Wednesday, March 07, 2018

Reflections on gender themes

Recently a new prize called The Staunch was created for thrillers and mysteries that do not feature violence against women. It was conceived with the best of intentions by author and screenwriter Bridget Lawless, who was disgusted with the excessive use of graphic violence against women for entertainment or titillation. However, its overly broad guidelines and its choice to look away rather than to confront the very real problems that women face have produced strong reaction among serious, socially-conscious male and female crime writers alike, among them Val McDermid.

Is there an over-reliance on female rape/ murder tropes among crime writers? Is it limited to a certain kind of graphic thriller or is the theme common throughout the genre? Is it more prevalent on TV and screen than in books? Co-incidentally, and before #MeToo, #TimesUp and the launch of this prize, my daughter, actor/ playwright/ producer Dana Fradkin, conceived of and co-wrote a short film titled The Case of the Massey Bodice Ripping, which addresses this very issue, using comedy as a way to explore the tired trope of rape as a story driver and motivator. It's still in post-production, but should been on the festival circuit soon. Like many independent projects, its funding is largely through their indiegogo campaign, where more details are available.

 I rarely read or watch stories that feature "rape porn" unless they are powerfully written and have something new and important to say (I feel the same way about excessively violent fights and slaughters of men as well), so it's difficult for me to say whether there is an overabundance of them. However, the controversy around this prize got me thinking about my own views and my own work. There are all kinds of prizes for all kinds of works, and people are entitled to create any prize they want, but if the intent of the prize is to protest how violence against women is handled in creative work, I agree with the naysayers. Perhaps more than any other genre, crime writers explore and lay bare the moral wrongs, social inequities and human struggles of their society. Violence against women is a very real issue that deserves to be looked at head-on, rather than pretending that the problems faced by 50% of the population don't exist.

That said, I began to wonder about my own work. I now have sixteen novels under my belt, so I took stock. Much of our writing is determined by our subconscious preoccupations, and over time, we see the same themes surfacing in book after book by authors. I wondered what my subconscious had to say. How did I portray mothers? Fathers? What motives and themes predominated?

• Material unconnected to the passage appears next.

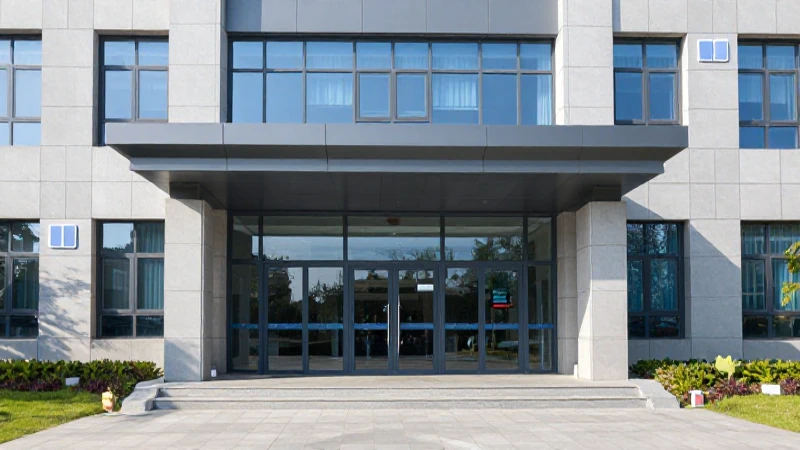 Fachada moderna del hospital con luz diurna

As it turns out, I have never used violence against women as the primary theme or story driver, although it's been a secondary theme in a couple of them, and I have not had a single rape. I've had several books that looked at childhood scars and child abuse, both physical and sexual, but since I'm a child psychologist, that's part of my my canvas. A quick and dirty head count of my books revealed that I had eight male killers, five female, and three where both a men and a woman were implicated. I had ten male victims, three female, and three where both sexes died.

Of all the themes explored in my books, from PTSD to child abuse to love gone awry, the theme of family – misunderstandings and jealousies, revenge and betrayal, old secrets, and protection of family– often lurks at the root. It appears I kill more men than women, and that men are more often the perpetrators. But women take centre stage as agents of violence as well, more often than as victims. "Evil" is rarely evil in my books, but rather a desperate, ill-advised choice at the end of a long, sometimes righteous, struggle. Perhaps it's time I used the powerful but damaged women I seem to create to shine a spotlight on gender-based violence. Who knows?

I'm curious to know whether other writers have done this kind of autopsy on their body of work (mine was admittedly superficial), and detected recurring themes that speak to the issues that fascinate them. I'd love to hear comments on this.


Vicki Delany said...

I haven't thought about my own books, but I now will. I have said before that I am opposed to the idea of this prize for several reasons. Yes, gratuitous violence against women is often used for the titillation factor, but this prize is aiming too broadly. The victim is often the central character in a book. It's as the detectives try to solve the crime or the people who are affected react, that we learn about the complexities of the victim. And maybe she has a story we should hear. Plus, it's sorta reducing the suspense factor. We will know because this book won this prize that no female character is going to be harmed.

Melodie Campbell said...

Violence in my novels is 50/50, I've just realized. No rape. No torture. I'm actually in favour of this new award, for selfish reasons. I don't want to read any more novels in which women are abused. It's not that they can't be good novels. It's just that I've read enough. So I'm looking for that shortlist of novels this award will produce, so I have a good reading list.